Tytuł: Gimnazjum najgorsze lata mojego życia
Autorzy: James Patterson, Chris Tabbetts
Liczba stron:280
Wydawnictwo: Albatros


Sięgnęłam po tę książkę, ponieważ strasznie spodobał mi się tytuł, można rzec, że odważny, w każdym razie, ja na pewno nie napisałabym książki z takim tytułem. Lata mojego gimnazjum na pewno nie były okropne, a wręcz przeciwnie. 
Autor książki Patterson James jest jednym z najpopularniejszych autorów amerykańskich, zaraz obok Stephena Kinga. Jeśli chodzi o tematykę, jest to książka, w której powracamy do szkolnych lat, kiedy jeszcze nie myśleliśmy o konsekwencjach swoich czynów i zbliżających się problemach. Głównym bohaterem powieści jest Rafe Khatchadorian, uczeń VI klasy, który właśnie wyrusza do nowej szkoły. Wszyscy wiemy, jaki to strach iść pierwszy raz do nowej szkoły, klasy, zdobyć nowych przyjaciół. Nasz bohater nie czuł inaczej. Jednak Rafe staje się zupełnie innym chłopcem przez jego kolegę Leo, który wymyślił, aby Rafe dzięki łamaniu wszystkich zakazów i kodeksu uczniowskiego, zdobywał punkty… Cały plan miał nazwę R.A.F.E. i wydawałoby się, że wszystko pójdzie tak jak sobie tego życzyli, jednak nie zdawali sobie sprawy, ile kłopotów przysporzą im te żarty i wykroczenia… Wszystko zapisują w małym notesie. Zeszycik pewnego razu wpada w ręce najgorszego chłopaka w szkole, który… zaczyna ich szantażować. Sytuacja coraz bardziej robi się nieciekawa. Mało tego, w domu Rafa również nie jest zbyt dobrze. Chłopak ciągle prowadzi kłótnie ze swoim ojczymem, który jest patentowanym leniem, a matka stara się zarabiać na ich życie. Do tego dochodzi jeszcze pierwsza miłość bohatera...A przecież serce nie sługa. Rafe uważał, że dzięki tym wszystkim żartom w pewien sposób zaimponuje swojej koleżance. Oczywiście było tak, ale do czasu, potem zaczęła mu już tylko współczuć. Rafe, trochę zagubiony, zgadza się na to, na co nie powinien, ale czego nie robi się dla zabawy?
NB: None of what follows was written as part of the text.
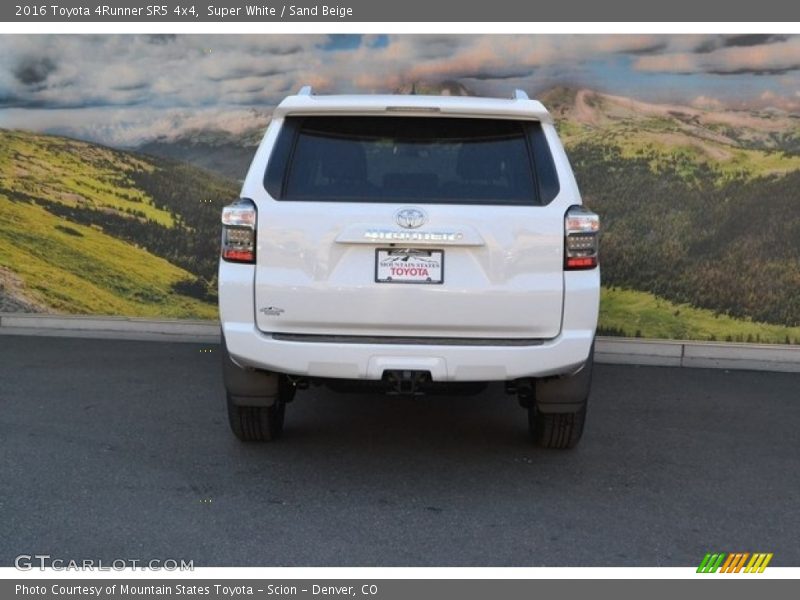 Super White / Sand Beige 2016 Toyota 4Runner SR5 4x4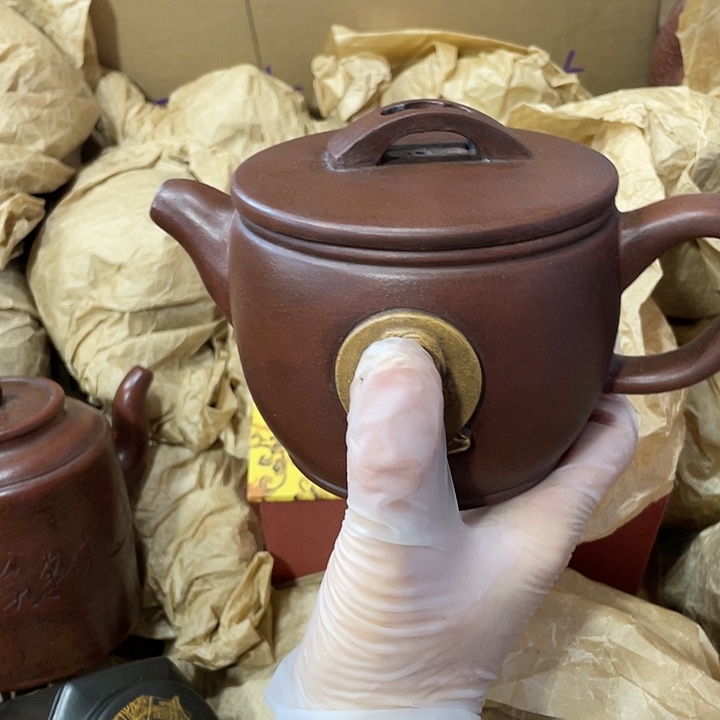 紫砂茶壶原矿泥料，手工制作一把，紫砂壶。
Nie zważając na konsekwencje, coraz bardziej brnął w kłopoty. Są momenty w tej historii, w których naprawdę pojawia się uśmiech na twarzy, albo też zgadzamy się z autorem, chyba każdy z nas kiedyś myślał w sposób tych dwóch. Książka napisania jest językiem prostym, a liczne ilustracje uzupełniają treść. Polecam wszystkim, którzy dopiero zaczęli gimnazjum lub je kończą… Tylko niestety już nie będą mieć szansy na sprawdzenie tych wszystkich opcji :) Dobry humor gwarantowany!